Start of RECORDED DATA

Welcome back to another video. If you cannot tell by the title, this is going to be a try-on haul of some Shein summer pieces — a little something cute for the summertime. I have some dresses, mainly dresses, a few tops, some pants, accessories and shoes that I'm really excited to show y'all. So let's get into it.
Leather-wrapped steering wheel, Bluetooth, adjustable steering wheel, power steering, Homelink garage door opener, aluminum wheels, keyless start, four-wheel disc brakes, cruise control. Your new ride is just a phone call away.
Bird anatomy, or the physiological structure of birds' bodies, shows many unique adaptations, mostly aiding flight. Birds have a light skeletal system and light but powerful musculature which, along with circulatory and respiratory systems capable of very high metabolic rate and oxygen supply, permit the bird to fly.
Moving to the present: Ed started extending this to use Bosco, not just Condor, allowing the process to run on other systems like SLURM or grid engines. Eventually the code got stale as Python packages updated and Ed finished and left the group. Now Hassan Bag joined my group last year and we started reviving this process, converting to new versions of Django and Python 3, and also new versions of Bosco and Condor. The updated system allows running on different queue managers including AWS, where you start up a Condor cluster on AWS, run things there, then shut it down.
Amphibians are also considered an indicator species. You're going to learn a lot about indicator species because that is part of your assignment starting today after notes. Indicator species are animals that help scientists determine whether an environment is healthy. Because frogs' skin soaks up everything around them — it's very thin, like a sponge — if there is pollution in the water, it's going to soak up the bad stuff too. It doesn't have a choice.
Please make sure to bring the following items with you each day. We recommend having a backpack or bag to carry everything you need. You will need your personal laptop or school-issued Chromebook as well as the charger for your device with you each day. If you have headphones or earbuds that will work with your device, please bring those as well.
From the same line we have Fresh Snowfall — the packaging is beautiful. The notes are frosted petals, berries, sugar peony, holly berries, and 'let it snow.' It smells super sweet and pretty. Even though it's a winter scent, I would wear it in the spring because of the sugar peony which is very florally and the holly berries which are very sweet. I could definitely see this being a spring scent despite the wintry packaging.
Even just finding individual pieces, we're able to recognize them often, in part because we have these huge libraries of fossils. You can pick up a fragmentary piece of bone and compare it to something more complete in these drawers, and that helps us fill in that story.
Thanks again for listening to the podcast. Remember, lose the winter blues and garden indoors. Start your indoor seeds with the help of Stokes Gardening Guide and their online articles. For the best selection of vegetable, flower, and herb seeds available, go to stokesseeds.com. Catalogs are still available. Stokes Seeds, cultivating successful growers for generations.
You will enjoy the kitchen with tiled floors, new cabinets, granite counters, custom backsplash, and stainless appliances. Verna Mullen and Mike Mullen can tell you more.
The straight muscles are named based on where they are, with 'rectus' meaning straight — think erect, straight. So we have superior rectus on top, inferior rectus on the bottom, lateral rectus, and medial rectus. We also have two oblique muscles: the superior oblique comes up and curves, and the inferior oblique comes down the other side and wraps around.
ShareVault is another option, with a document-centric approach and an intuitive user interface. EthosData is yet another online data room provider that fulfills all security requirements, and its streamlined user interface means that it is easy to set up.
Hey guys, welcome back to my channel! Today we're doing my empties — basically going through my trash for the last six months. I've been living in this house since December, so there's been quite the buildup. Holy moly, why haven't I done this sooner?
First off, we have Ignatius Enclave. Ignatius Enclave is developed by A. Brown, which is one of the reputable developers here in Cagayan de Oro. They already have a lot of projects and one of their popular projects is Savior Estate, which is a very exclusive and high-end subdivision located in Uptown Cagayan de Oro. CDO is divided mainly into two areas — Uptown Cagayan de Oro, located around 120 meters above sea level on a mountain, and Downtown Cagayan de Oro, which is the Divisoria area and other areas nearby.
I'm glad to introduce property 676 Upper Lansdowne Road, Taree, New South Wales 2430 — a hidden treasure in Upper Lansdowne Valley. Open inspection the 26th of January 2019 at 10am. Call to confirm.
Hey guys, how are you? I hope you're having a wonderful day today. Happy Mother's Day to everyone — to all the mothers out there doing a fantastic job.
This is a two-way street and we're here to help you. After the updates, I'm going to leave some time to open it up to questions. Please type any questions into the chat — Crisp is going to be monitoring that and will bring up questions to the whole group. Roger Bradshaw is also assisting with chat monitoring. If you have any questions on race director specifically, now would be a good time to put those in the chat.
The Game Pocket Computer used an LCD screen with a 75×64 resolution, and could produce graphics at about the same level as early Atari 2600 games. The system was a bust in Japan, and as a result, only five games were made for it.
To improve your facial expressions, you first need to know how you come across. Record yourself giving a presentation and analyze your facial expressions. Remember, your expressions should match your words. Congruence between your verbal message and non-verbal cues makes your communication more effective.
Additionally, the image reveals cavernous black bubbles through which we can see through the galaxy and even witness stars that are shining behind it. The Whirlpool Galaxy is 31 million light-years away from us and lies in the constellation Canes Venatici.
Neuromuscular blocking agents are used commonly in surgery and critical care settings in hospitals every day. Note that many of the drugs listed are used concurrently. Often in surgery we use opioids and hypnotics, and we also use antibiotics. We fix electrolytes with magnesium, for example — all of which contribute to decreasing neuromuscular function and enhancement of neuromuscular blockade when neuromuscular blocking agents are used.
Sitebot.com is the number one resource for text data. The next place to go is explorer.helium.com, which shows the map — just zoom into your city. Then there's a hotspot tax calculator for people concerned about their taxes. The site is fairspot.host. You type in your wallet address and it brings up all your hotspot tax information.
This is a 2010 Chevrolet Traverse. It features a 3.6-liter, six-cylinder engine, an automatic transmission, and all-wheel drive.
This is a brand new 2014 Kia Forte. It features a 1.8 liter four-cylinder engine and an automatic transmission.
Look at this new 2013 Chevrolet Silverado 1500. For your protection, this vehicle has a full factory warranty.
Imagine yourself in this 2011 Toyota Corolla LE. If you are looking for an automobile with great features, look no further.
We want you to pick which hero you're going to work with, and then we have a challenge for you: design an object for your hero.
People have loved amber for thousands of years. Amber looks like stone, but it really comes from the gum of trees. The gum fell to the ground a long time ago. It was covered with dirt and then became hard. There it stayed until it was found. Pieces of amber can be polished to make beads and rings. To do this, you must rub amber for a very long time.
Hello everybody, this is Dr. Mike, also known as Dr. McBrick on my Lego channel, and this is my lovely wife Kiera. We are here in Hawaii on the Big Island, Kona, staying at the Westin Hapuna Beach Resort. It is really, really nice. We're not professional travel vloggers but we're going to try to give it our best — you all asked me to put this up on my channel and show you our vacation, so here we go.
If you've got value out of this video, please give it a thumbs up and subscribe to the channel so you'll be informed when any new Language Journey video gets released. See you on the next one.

End of RECORDED DATA

• EXERCISE DETAILS: Please restate each record exactly as it reads.

• OUTPUT FOR THIS EXERCISE:
Welcome back to another video. If you cannot tell by the title, this is going to be a try-on haul of some Shein summer pieces — a little something cute for the summertime. I have some dresses, mainly dresses, a few tops, some pants, accessories and shoes that I'm really excited to show y'all. So let's get into it.
Leather-wrapped steering wheel, Bluetooth, adjustable steering wheel, power steering, Homelink garage door opener, aluminum wheels, keyless start, four-wheel disc brakes, cruise control. Your new ride is just a phone call away.
Bird anatomy, or the physiological structure of birds' bodies, shows many unique adaptations, mostly aiding flight. Birds have a light skeletal system and light but powerful musculature which, along with circulatory and respiratory systems capable of very high metabolic rate and oxygen supply, permit the bird to fly.
Moving to the present: Ed started extending this to use Bosco, not just Condor, allowing the process to run on other systems like SLURM or grid engines. Eventually the code got stale as Python packages updated and Ed finished and left the group. Now Hassan Bag joined my group last year and we started reviving this process, converting to new versions of Django and Python 3, and also new versions of Bosco and Condor. The updated system allows running on different queue managers including AWS, where you start up a Condor cluster on AWS, run things there, then shut it down.
Amphibians are also considered an indicator species. You're going to learn a lot about indicator species because that is part of your assignment starting today after notes. Indicator species are animals that help scientists determine whether an environment is healthy. Because frogs' skin soaks up everything around them — it's very thin, like a sponge — if there is pollution in the water, it's going to soak up the bad stuff too. It doesn't have a choice.
Please make sure to bring the following items with you each day. We recommend having a backpack or bag to carry everything you need. You will need your personal laptop or school-issued Chromebook as well as the charger for your device with you each day. If you have headphones or earbuds that will work with your device, please bring those as well.
From the same line we have Fresh Snowfall — the packaging is beautiful. The notes are frosted petals, berries, sugar peony, holly berries, and 'let it snow.' It smells super sweet and pretty. Even though it's a winter scent, I would wear it in the spring because of the sugar peony which is very florally and the holly berries which are very sweet. I could definitely see this being a spring scent despite the wintry packaging.
Even just finding individual pieces, we're able to recognize them often, in part because we have these huge libraries of fossils. You can pick up a fragmentary piece of bone and compare it to something more complete in these drawers, and that helps us fill in that story.
Thanks again for listening to the podcast. Remember, lose the winter blues and garden indoors. Start your indoor seeds with the help of Stokes Gardening Guide and their online articles. For the best selection of vegetable, flower, and herb seeds available, go to stokesseeds.com. Catalogs are still available. Stokes Seeds, cultivating successful growers for generations.
You will enjoy the kitchen with tiled floors, new cabinets, granite counters, custom backsplash, and stainless appliances. Verna Mullen and Mike Mullen can tell you more.
The straight muscles are named based on where they are, with 'rectus' meaning straight — think erect, straight. So we have superior rectus on top, inferior rectus on the bottom, lateral rectus, and medial rectus. We also have two oblique muscles: the superior oblique comes up and curves, and the inferior oblique comes down the other side and wraps around.
ShareVault is another option, with a document-centric approach and an intuitive user interface. EthosData is yet another online data room provider that fulfills all security requirements, and its streamlined user interface means that it is easy to set up.
Hey guys, welcome back to my channel! Today we're doing my empties — basically going through my trash for the last six months. I've been living in this house since December, so there's been quite the buildup. Holy moly, why haven't I done this sooner?
First off, we have Ignatius Enclave. Ignatius Enclave is developed by A. Brown, which is one of the reputable developers here in Cagayan de Oro. They already have a lot of projects and one of their popular projects is Savior Estate, which is a very exclusive and high-end subdivision located in Uptown Cagayan de Oro. CDO is divided mainly into two areas — Uptown Cagayan de Oro, located around 120 meters above sea level on a mountain, and Downtown Cagayan de Oro, which is the Divisoria area and other areas nearby.
I'm glad to introduce property 676 Upper Lansdowne Road, Taree, New South Wales 2430 — a hidden treasure in Upper Lansdowne Valley. Open inspection the 26th of January 2019 at 10am. Call to confirm.
Hey guys, how are you? I hope you're having a wonderful day today. Happy Mother's Day to everyone — to all the mothers out there doing a fantastic job.
This is a two-way street and we're here to help you. After the updates, I'm going to leave some time to open it up to questions. Please type any questions into the chat — Crisp is going to be monitoring that and will bring up questions to the whole group. Roger Bradshaw is also assisting with chat monitoring. If you have any questions on race director specifically, now would be a good time to put those in the chat.
The Game Pocket Computer used an LCD screen with a 75×64 resolution, and could produce graphics at about the same level as early Atari 2600 games. The system was a bust in Japan, and as a result, only five games were made for it.
To improve your facial expressions, you first need to know how you come across. Record yourself giving a presentation and analyze your facial expressions. Remember, your expressions should match your words. Congruence between your verbal message and non-verbal cues makes your communication more effective.
Additionally, the image reveals cavernous black bubbles through which we can see through the galaxy and even witness stars that are shining behind it. The Whirlpool Galaxy is 31 million light-years away from us and lies in the constellation Canes Venatici.
Neuromuscular blocking agents are used commonly in surgery and critical care settings in hospitals every day. Note that many of the drugs listed are used concurrently. Often in surgery we use opioids and hypnotics, and we also use antibiotics. We fix electrolytes with magnesium, for example — all of which contribute to decreasing neuromuscular function and enhancement of neuromuscular blockade when neuromuscular blocking agents are used.
Sitebot.com is the number one resource for text data. The next place to go is explorer.helium.com, which shows the map — just zoom into your city. Then there's a hotspot tax calculator for people concerned about their taxes. The site is fairspot.host. You type in your wallet address and it brings up all your hotspot tax information.
This is a 2010 Chevrolet Traverse. It features a 3.6-liter, six-cylinder engine, an automatic transmission, and all-wheel drive.
This is a brand new 2014 Kia Forte. It features a 1.8 liter four-cylinder engine and an automatic transmission.
Look at this new 2013 Chevrolet Silverado 1500. For your protection, this vehicle has a full factory warranty.
Imagine yourself in this 2011 Toyota Corolla LE. If you are looking for an automobile with great features, look no further.
We want you to pick which hero you're going to work with, and then we have a challenge for you: design an object for your hero.
People have loved amber for thousands of years. Amber looks like stone, but it really comes from the gum of trees. The gum fell to the ground a long time ago. It was covered with dirt and then became hard. There it stayed until it was found. Pieces of amber can be polished to make beads and rings. To do this, you must rub amber for a very long time.
Hello everybody, this is Dr. Mike, also known as Dr. McBrick on my Lego channel, and this is my lovely wife Kiera. We are here in Hawaii on the Big Island, Kona, staying at the Westin Hapuna Beach Resort. It is really, really nice. We're not professional travel vloggers but we're going to try to give it our best — you all asked me to put this up on my channel and show you our vacation, so here we go.
If you've got value out of this video, please give it a thumbs up and subscribe to the channel so you'll be informed when any new Language Journey video gets released. See you on the next one.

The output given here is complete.